Сабонис от обиды ремень мне укоротил по окружности лица и пряжку каблуком затоптал. Не помогло. И зажим на пряжке разжал я, и сговорчивей не стал.
Потом меня еще не раз загоняли в психологические ловушки, но я выворачивался. У меня уже были друзья повсюду, ко мне благоволили авторитетные люди. Они не вмешивались в дела третьего дивизиона, но иногда удавалось час-другой посидеть вечером в тишине и покое. Набраться сил. Уставал я очень. Вы представьте себе казарму, в которой нельзя встретить молодого бойца. Потому что все молодые либо работают на дедушек, либо попрятались, чтобы их не "припахали". От такого можно тронуться. Я до самого конца службы буду иногда недоуменно глядеть на молодых, гуляющих по казарме, будто это дом родной. Хотя то, что они тут лазают безбоязненно — и моя заслуга тоже. А все равно как-то странно это видеть: ходят, понимаешь, улыбаются…

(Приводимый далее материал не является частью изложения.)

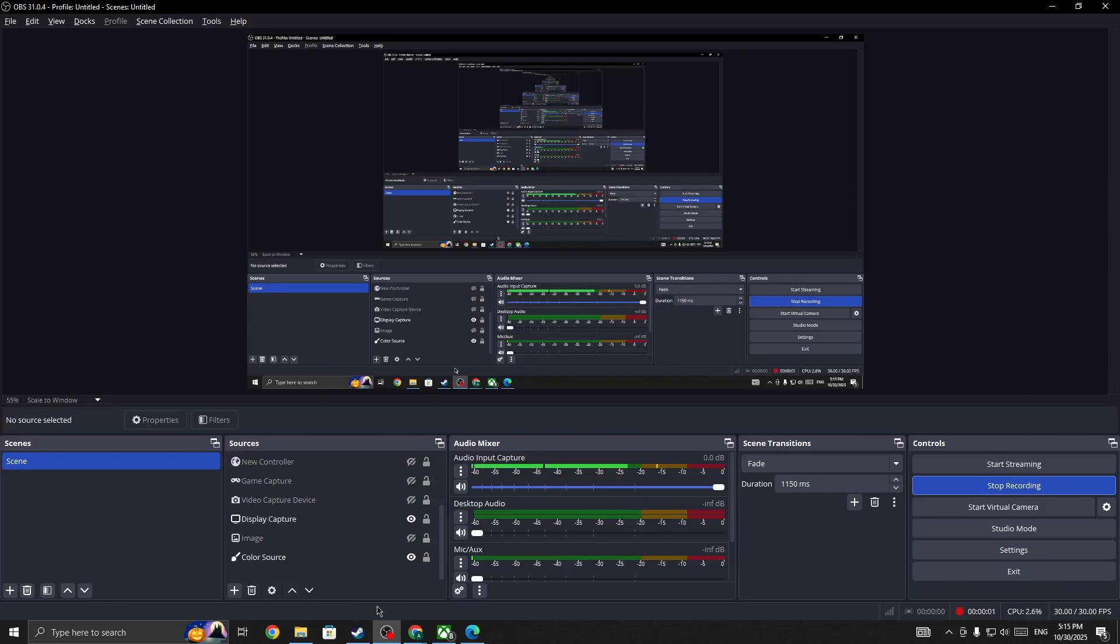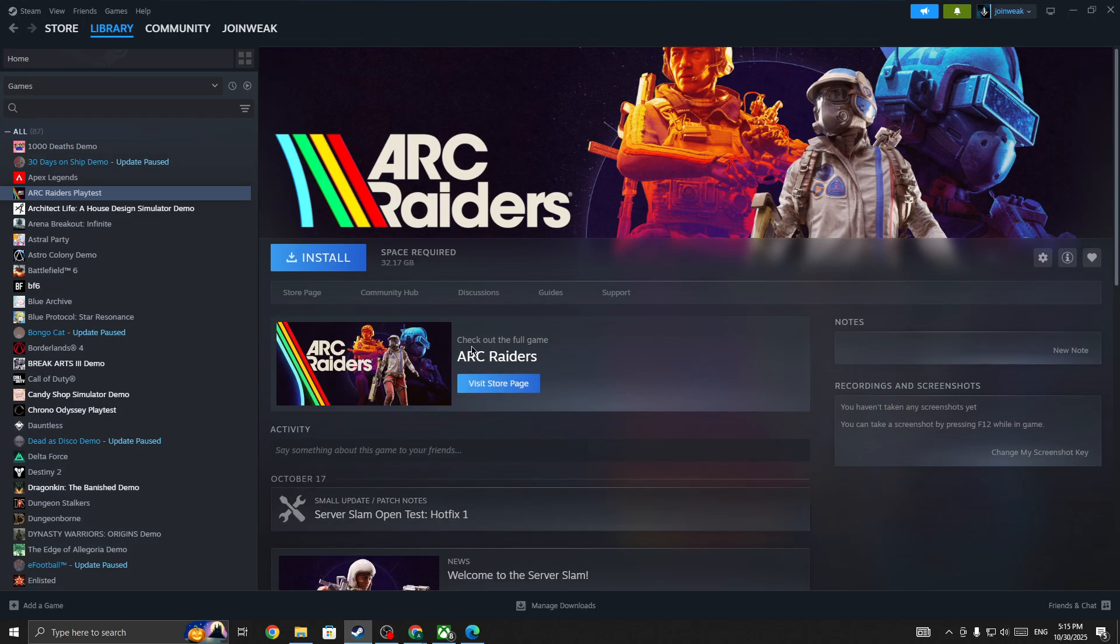If you're getting error code RX0024 in the ARC Raiders game, this video will show you how to fix this issue. This error code mostly occurs from the network side.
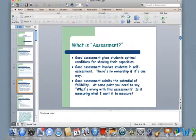Good assessment also admits the potential for fallibility. At some point, you need to ask: what's wrong with this assessment? Is it measuring what I want it to measure? For example, if you give an assessment to your class — let's say a math test — and 85% of the kids fail, that doesn't mean your kids are not good in math. Perhaps that means you need to teach them in a different way, or there might be something wrong with your test.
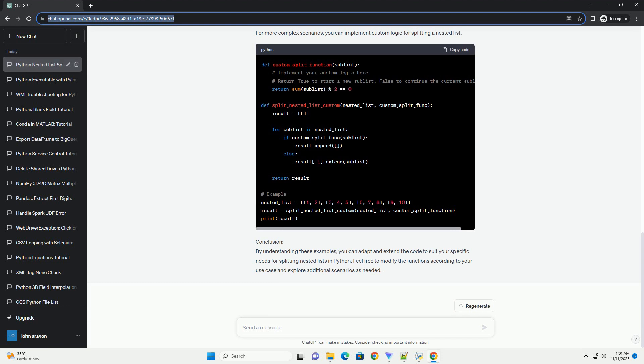Introduction: Nested lists are a powerful data structure in Python, allowing you to represent and manipulate hierarchical data.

Гена Шнейдер, наблюдая, как я тихо загибаюсь, пытался вытащить меня в штаб. Иногда я действительно там работал — если не справлялась штатная машинистка, — но всегда возвращался. Молодые это ценили. Черпаки тоже. Деды злились. К летнему полигону ситуация зашла в тупик.
И тут я нарвался.
На полигоне я до обеда работал на технике, а после обеда оформлял документы в штабе: Михайлов чертил, я печатал. Такой расклад всех устраивал, включая дедов — чем меньше я крутился среди молодых, тем им было спокойнее. Но тут я отрастил волосы почти как у черпака. Это был уже перебор. Деды взбесились.

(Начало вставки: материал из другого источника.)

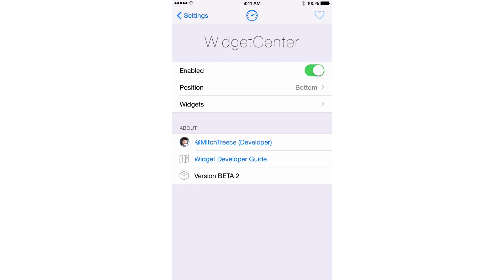So folks, Widget Center has tons of potential. The animations are extremely well done. The implementation is really well done. The preferences are well done. And there's the promise of expandability where developers can contribute their own widgets.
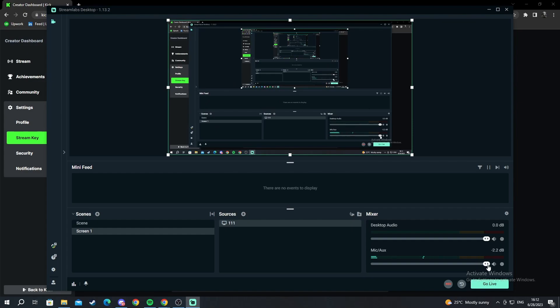Here you can play around with your microphone, your desktop audio, and that is it. When you set up everything, your sources, your scenes, you just press go live. That is it. Thank you for watching.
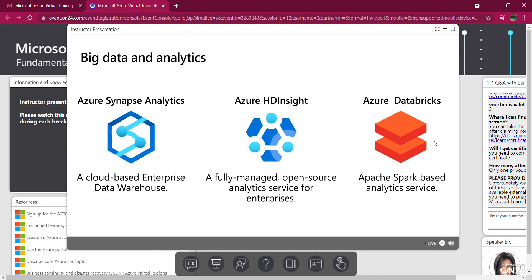HD Insight allows you to run popular open source frameworks and create clusters such as Apache Spark, Apache Hadoop, Apache Kafka, Apache Storm, and machine learning services.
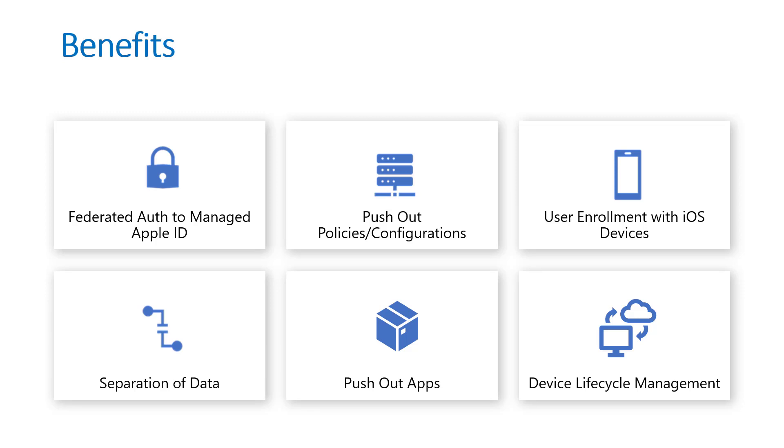The benefits between both corporate and BYOD devices: you can use that federation to create these managed Apple IDs which allows you to separate and manage corporate data on a higher level. This is pertinent for regulatory firms or firms that have to comply to regulatory controls. You can push out policies and configurations with Microsoft Intune to the devices that are enrolled such as the password and lockout screen. With user enrollment you have this lightweight MDM solution that gives peace of mind and still allows you to separate out corporate versus personal data on that device.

Одним прекрасным вечером, придя спать в палатку, я обнаружил, что меня ждут: очень грустный Кузнечик и очень веселые деды. Почему-то тут был еще Исламов, главный отморозок четвертого дивизиона — сидел, консервы жрал, громко чавкая.
— Москва, тебе сколько раз говорили подстричься? — спросил Сабонис.
Бежать было некуда. Да и не умею я убегать.
— У меня нормальная прическа.
— Для черпака нормальная. А ты молодой еще.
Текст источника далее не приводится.